Because we are not sure that `tanh` would like gaussian on input. we shift and scale input:

$$
y^{(k)} = \gamma^{(k)} \hat{x}^{(k)} + \beta^{(k)}
$$.

and learn thoese params. But it could learn to disable batch norm by getting:

$$
\gamma^{(k)} = \sqrt{Var[x^{(k)}]}
$$
$$
\beta^{(k)} = E[x^{(k)}]
$$

### Features
- improves gradient flow through the network
- allow higher learning rates
- reduces the strong dependencies on initialization
- act as a form of regularization in a funny way, and slightly reduces the need for dropout, maybe

### Details
- in test time mean/std are fixed and could be estimated during training with running averages - because we want more deterministic function.

# Sanity check of nn
## check the loss function


- for 10 classes, with W init by `mean = 0` and `std = 0.0001` and `reg = 0.0` it should ~ log(10).
- with `reg = 1e3` it should going up

## try to overfit small pease data
- 20 examples, 10 labels
- turn off regularization `reg = 0`
- use vanilla `sgd`
- loss should be near `0`. and `100%` accuracy

## Hyper parameter optimization
- tune  learning rate
  - sometime cost decrease slowly but in contrast accuraccy step much quicker.

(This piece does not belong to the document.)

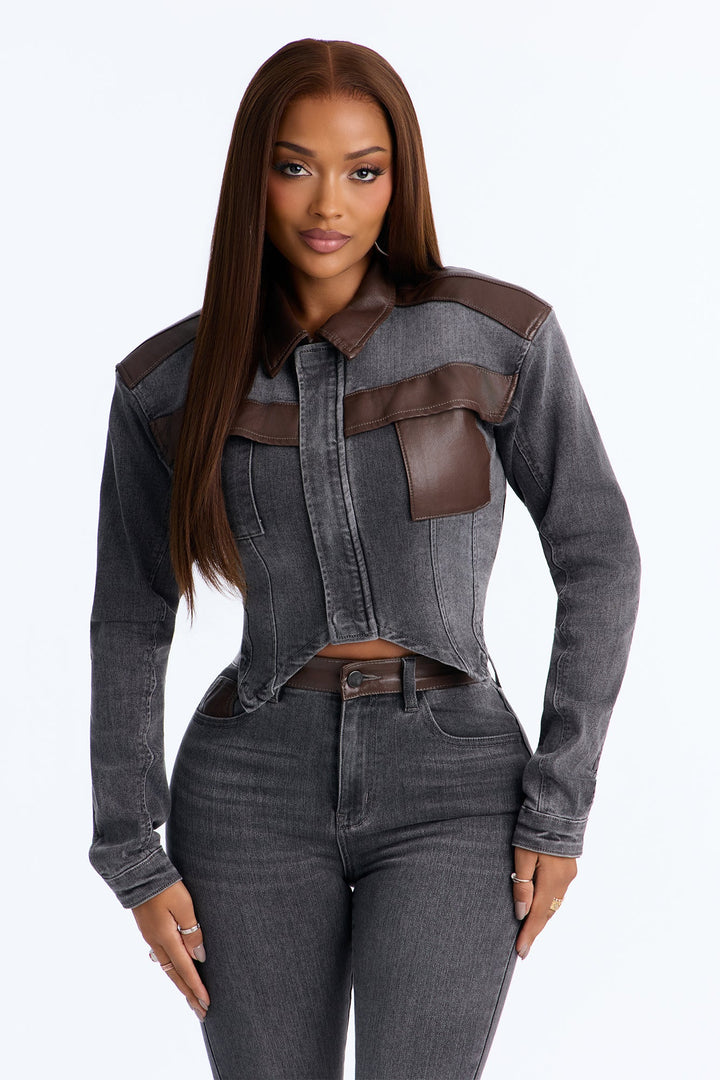 Power Stance Denim Jacket - Grey.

The reason that accuracy just takes into account bigger score, but accuracy (in softmax) works with all scores, so they could be near each other but we already have right leaders
- coarse -> fine
- grid search -> random layout
  - because usually one parameter is better than others so when we use grid search we just get much less data samples on the most significant parameter then if we randomize input a little bit
  
## Visualize process
- for example visulize all loss functions on cluster
  - https://lossfunctions.tumblr.com/ loss function could tell a lot
- accuracy
- different between parameters and scale of your update of those parameters 
  - it should be about 1e-3. (`dW * learning rate / W`)